EXERCISE BRIEF:
Each line below with the string "Foto" should be copied.

────────────────────────────────────────

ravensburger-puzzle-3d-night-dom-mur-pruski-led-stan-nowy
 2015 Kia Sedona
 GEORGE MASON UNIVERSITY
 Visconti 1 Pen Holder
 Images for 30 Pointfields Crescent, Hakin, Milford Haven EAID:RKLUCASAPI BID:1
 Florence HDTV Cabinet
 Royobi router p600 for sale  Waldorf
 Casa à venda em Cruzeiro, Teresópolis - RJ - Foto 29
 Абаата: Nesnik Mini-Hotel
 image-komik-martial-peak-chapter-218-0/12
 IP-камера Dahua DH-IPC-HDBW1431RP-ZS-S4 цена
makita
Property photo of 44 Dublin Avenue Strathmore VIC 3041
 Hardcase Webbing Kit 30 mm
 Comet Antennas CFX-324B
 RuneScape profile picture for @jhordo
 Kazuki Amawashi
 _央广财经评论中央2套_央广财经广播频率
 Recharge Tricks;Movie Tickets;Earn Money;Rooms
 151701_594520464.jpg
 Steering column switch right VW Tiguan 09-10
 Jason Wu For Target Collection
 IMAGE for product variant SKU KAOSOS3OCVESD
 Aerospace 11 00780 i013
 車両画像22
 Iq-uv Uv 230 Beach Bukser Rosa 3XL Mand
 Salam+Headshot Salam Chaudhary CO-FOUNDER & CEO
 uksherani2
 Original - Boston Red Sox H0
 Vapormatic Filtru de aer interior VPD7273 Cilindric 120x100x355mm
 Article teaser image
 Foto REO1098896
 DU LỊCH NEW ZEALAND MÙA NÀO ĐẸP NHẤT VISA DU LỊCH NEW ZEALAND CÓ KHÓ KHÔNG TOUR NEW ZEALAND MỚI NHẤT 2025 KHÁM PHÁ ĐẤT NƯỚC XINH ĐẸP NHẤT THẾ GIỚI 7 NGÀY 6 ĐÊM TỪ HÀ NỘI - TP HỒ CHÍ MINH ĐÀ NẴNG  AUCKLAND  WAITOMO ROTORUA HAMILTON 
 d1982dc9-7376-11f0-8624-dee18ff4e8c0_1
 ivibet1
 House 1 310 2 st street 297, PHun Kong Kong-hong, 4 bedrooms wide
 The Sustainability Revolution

────────────────────────────────────────

RESULT:
 Casa à venda em Cruzeiro, Teresópolis - RJ - Foto 29
 Foto REO1098896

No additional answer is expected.